In our study, we reported 39 clinical pregnancies among 32 subjects following 1621 cases of TCRE, with a follow-up duration of 8.9 ± 3.6 years. In the literature, there have been numerous case reports of pregnancy following TCRE (Hill and Maher, 1992
; Baumann et al., 1994
; Edwards et al., 1996
; Carpenter et al., 1998
; Abdel-Fattah et al., 2003
). It is also recognized that successful pregnancy may occur following other forms of endometrial ablation such as laser (Garry et al., 1995
; Pinette et al., 2001
; Hare and Olah, 2005
), rollerball (Carter and Lindsay, 1997
; Browne, 1999
; Cook and Seman, 2003
) and thermal balloon (Gervaise et al., 1999
; Kir and Hanlon-Lundberg, 2004
).
For some time, it is assumed that endometrial ablation per se is not a reliable, effective contraception. Consequently, in the early days of TCRE, women were advised to consider laparoscopic sterilization at the time of TCRE. In our studies, carried out in China, none of the women who underwent TCRE had laparoscopic sterilization, mainly because laparoscopic sterilization procedure is not popular in China. Also, few women adopt any other form of contraception after TCRE. This long-term follow-up study therefore provided a unique opportunity to observe and determine the likelihood of spontaneous conception after TCRE. From our data, 32 of 1621 (2%) women conceived. It agreed broadly with the report of Roy and Mattox (2002)
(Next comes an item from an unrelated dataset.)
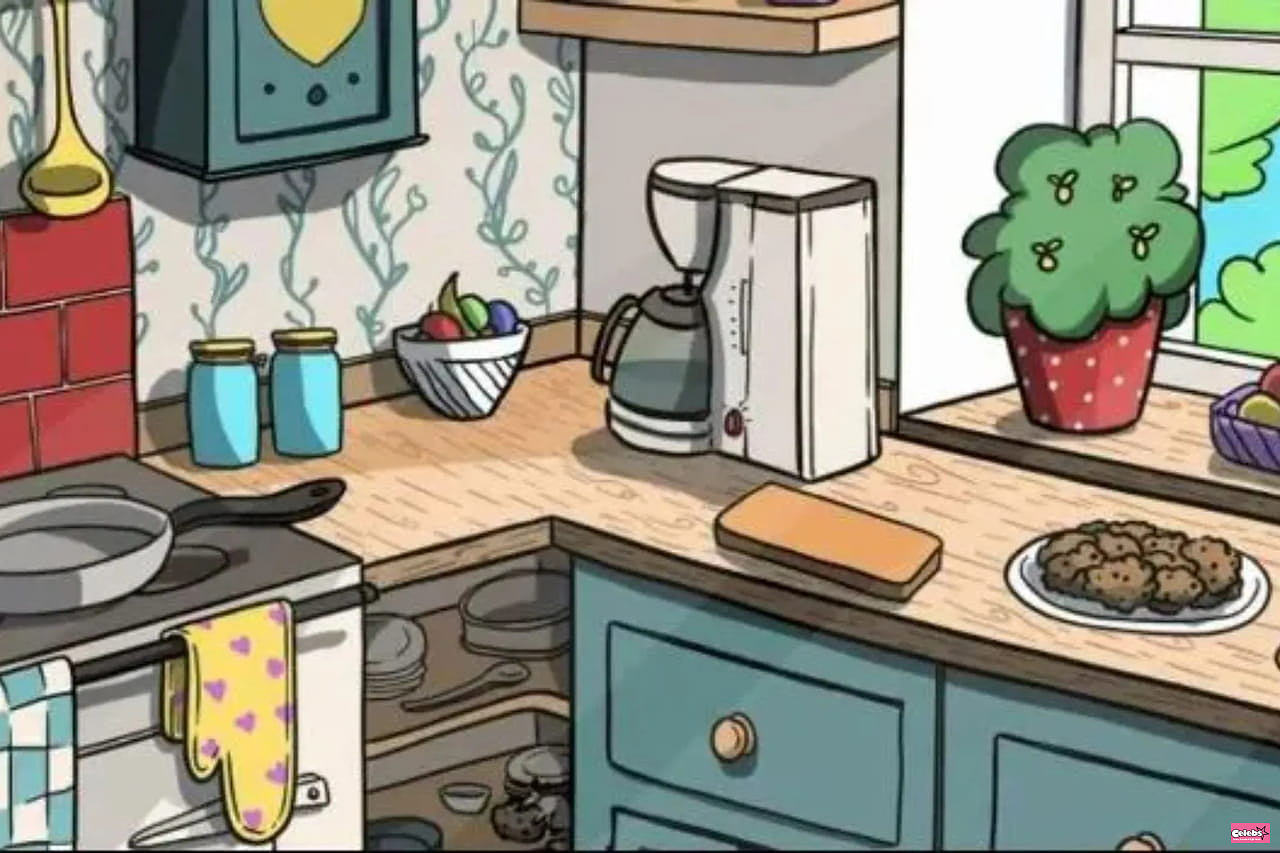 You have 10/10 vision if you can spot the cunning mouse hiding in the kitchen in 13 seconds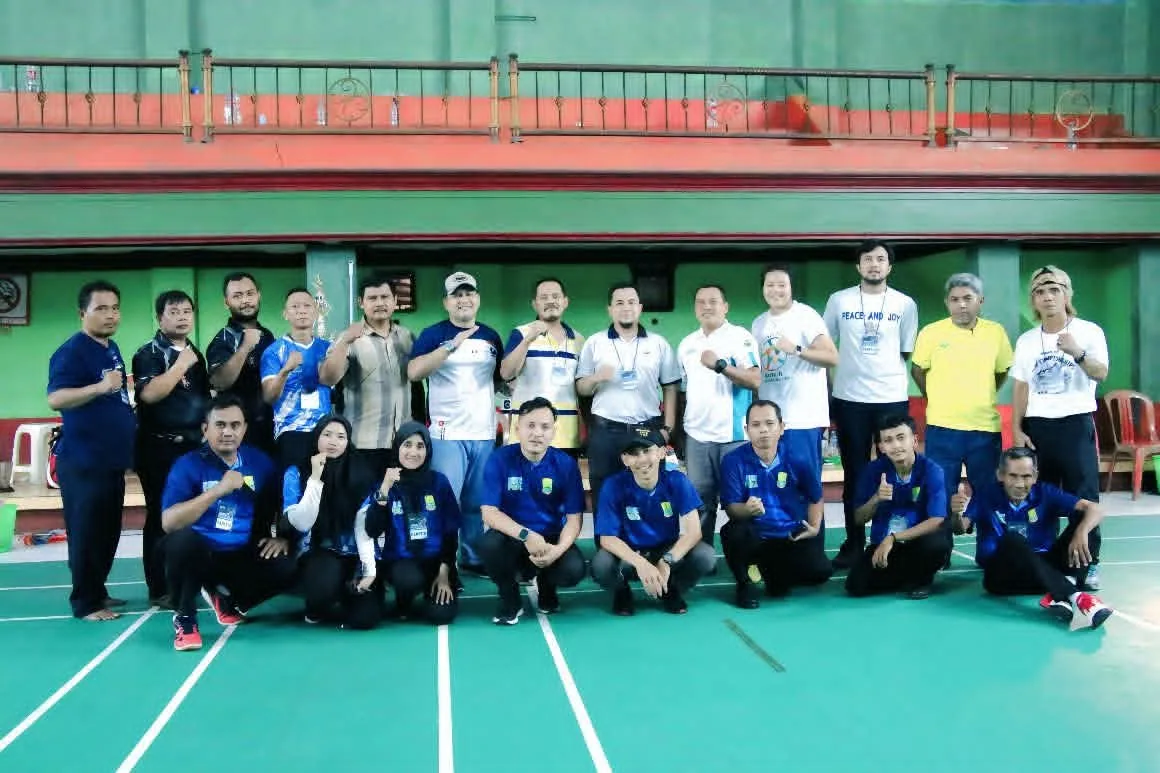 Dokumentasi tim dan atlet bulutangkis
that, based on the analysis of several previous smaller studies, the combined incidence of pregnancy, after endometrial ablation including resection, was 0.65%.
However, the likelihood of conception after TCRE is dependent on several factors, including the duration of follow-up, age of the patient and the depth of endometrial resection. In our study, we have detailed, long-term follow-up data, which allowed us to calculate the rate of conception per women-year, which is 39/(1621 x 8.9) = 0.27%. In the first year, however, the rate of conception per women-year was 1.5%. The result may be compared with the ones usually quoted for condom (3%, Warner and Hatcher, 1998
), intrauterine contraceptive device (up to 0.2%, Luukkainen and Toivonen, 1995
), combined oral contraceptives (0.1%, Hatcher and Guillebaud, 1998
), long-acting steroidal contraception (0.40.5%, Bardin, 1989
) and sterilization (0.090.6%, Loffer and Pent, 1980
). In our study, we also found that women who developed amenorrhoea after TCRE had a much lower chance of conception (0.3%) compared with those who continued to have period (3.2%).
Location of pregnancy
Whitelaw and Sutton (1992)
reported four cases of ectopic pregnancies following TCRE, including two tubal pregnancies, one cornual pregnancy and one cervical pregnancy. Dicker et al. (1985)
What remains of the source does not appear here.